Former Veterans Affairs hospice nurse in Massachusetts sentenced to prison for stealing morphine meant for dying veterans

John Joseph Moakley United States Courthouse in Boston. (Shira Schoenberg/

A 55-year-old Tewksbury woman who worked as a nurse in the hospice unit at the Veterans Affairs Medical Center campus in Bedford was sentenced to federal prison Wednesday for stealing morphine meant for dying veterans.

Kathleen Noftle was sentenced to 40 months in prison and three years of supervised release, court records show. She pleaded guilty in October 2020 to one count of tampering with a consumer product and one count of obtaining a controlled substance by misrepresentation, fraud, deception and subterfuge.

According to the U.S. Attorney’s Office, on Jan. 13, 14 and 15, 2017, Noftle used her position as a nurse to obtain doses of morphine that were meant to be given to the veterans under her care in the hospice unit.

“Noftle admitted that she mixed water from the sink with a portion of the liquid morphine doses, and then administered the diluted medication to patients orally,” authorities said. “Noftle then ingested a diluted amount of the remaining drug.”

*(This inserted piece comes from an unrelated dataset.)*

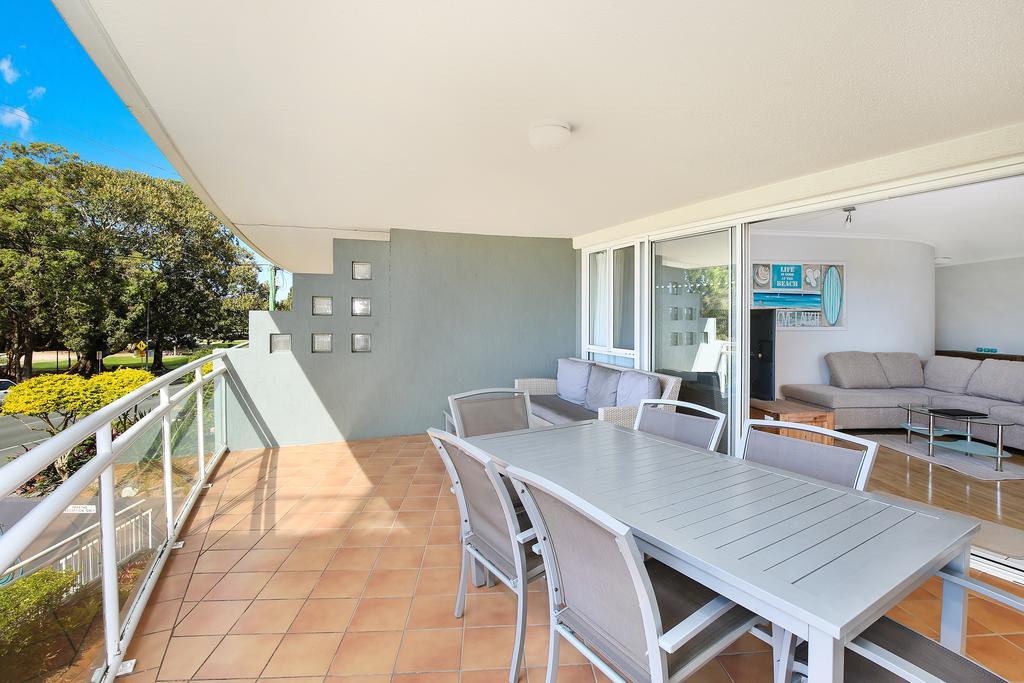 קלונדרה Belvedere Apartments מראה חיצוני תמונה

Court records said she worked as a nurse at the Edith Nourse Rogers Memorial Veterans Hospital in a hospice wing.

One veteran experienced increased difficulty breathing and increased suffering in his final days due to the diluted morphine, the U.S. Attorney’s Office said.

Investigators had learned that Noftle had previously resigned from her position as a nurse at a different hospital because she failed to follow appropriate procedures involving drugs. There were 60 different instances at the prior hospital, investigators said.

Federal records show Noftle was hired at the VAMC as a full-time nurse on March 22, 2015. She previously worked as a registered nurse at Tewksbury Hospital for roughly 29 years. Investigators said Noftle agreed to resign from Tewksbury Hospital instead of undergoing a disciplinary hearing which could have ended with her being fired.

Noftle admitted to investigators that she had “addiction issues” and began to divert drugs away from the facility for about two months, according to a federal affidavit.

The former nurse falsified records to cover up her scheme, authorities said.

Records from the Massachusetts Department of Public Health records show Noftle failed to follow proper procedures when “wasting” narcotics on 60 occasions, placing patient safety in jeopardy.

Her nursing license is now suspended.